Short text fragments from websites:

####################

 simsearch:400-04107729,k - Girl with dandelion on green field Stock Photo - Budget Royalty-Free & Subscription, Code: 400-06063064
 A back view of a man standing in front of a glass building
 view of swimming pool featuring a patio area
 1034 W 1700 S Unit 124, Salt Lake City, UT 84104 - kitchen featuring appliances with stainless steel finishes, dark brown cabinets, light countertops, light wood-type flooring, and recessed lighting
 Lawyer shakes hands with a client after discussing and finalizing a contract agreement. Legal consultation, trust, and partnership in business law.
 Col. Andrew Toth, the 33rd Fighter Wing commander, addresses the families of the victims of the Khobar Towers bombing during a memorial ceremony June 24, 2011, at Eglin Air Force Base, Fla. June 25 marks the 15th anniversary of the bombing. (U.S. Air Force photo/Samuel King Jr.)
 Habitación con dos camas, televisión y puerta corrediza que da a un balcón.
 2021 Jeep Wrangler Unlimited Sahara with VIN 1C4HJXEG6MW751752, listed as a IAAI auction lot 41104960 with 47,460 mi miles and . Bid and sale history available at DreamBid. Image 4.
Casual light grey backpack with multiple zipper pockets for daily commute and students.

####################

■ WHAT THE TASK REQUIRES ■
Restate every record verbatim.

■ SOLUTION ■
 simsearch:400-04107729,k - Girl with dandelion on green field Stock Photo - Budget Royalty-Free & Subscription, Code: 400-06063064
 A back view of a man standing in front of a glass building
 view of swimming pool featuring a patio area
 1034 W 1700 S Unit 124, Salt Lake City, UT 84104 - kitchen featuring appliances with stainless steel finishes, dark brown cabinets, light countertops, light wood-type flooring, and recessed lighting
 Lawyer shakes hands with a client after discussing and finalizing a contract agreement. Legal consultation, trust, and partnership in business law.
 Col. Andrew Toth, the 33rd Fighter Wing commander, addresses the families of the victims of the Khobar Towers bombing during a memorial ceremony June 24, 2011, at Eglin Air Force Base, Fla. June 25 marks the 15th anniversary of the bombing. (U.S. Air Force photo/Samuel King Jr.)
 Habitación con dos camas, televisión y puerta corrediza que da a un balcón.
 2021 Jeep Wrangler Unlimited Sahara with VIN 1C4HJXEG6MW751752, listed as a IAAI auction lot 41104960 with 47,460 mi miles and . Bid and sale history available at DreamBid. Image 4.
Casual light grey backpack with multiple zipper pockets for daily commute and students.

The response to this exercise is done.